* _Activity_
Whenever a line in the material below includes "showing", copy that line.

* _Material to process_

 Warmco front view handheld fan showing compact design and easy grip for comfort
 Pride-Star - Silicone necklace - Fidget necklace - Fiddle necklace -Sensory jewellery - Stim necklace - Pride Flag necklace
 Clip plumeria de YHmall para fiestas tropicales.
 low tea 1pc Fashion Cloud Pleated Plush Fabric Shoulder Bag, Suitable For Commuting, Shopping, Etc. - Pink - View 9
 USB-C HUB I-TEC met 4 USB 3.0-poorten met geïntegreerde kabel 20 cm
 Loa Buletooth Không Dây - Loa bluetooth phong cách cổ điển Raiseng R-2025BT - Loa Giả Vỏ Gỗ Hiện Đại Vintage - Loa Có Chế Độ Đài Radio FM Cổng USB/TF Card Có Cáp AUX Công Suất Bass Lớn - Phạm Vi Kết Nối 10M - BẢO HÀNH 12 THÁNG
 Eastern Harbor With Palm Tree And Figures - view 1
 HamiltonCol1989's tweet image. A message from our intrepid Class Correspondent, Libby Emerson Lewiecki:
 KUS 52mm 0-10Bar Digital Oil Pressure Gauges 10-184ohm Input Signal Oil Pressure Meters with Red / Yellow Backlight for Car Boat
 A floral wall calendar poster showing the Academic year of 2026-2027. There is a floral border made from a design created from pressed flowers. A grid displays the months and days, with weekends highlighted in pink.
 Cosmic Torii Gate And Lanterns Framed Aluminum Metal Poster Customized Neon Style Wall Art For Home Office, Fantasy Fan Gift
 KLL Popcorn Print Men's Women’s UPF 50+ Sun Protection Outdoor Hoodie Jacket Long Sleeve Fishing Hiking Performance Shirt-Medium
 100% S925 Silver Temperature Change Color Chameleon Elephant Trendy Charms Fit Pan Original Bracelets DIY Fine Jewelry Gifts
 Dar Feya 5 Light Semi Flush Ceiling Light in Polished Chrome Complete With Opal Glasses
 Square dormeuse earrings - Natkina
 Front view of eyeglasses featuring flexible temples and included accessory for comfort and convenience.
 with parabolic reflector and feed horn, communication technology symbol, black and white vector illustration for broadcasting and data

* _Response_
 Warmco front view handheld fan showing compact design and easy grip for comfort
 A floral wall calendar poster showing the Academic year of 2026-2027. There is a floral border made from a design created from pressed flowers. A grid displays the months and days, with weekends highlighted in pink.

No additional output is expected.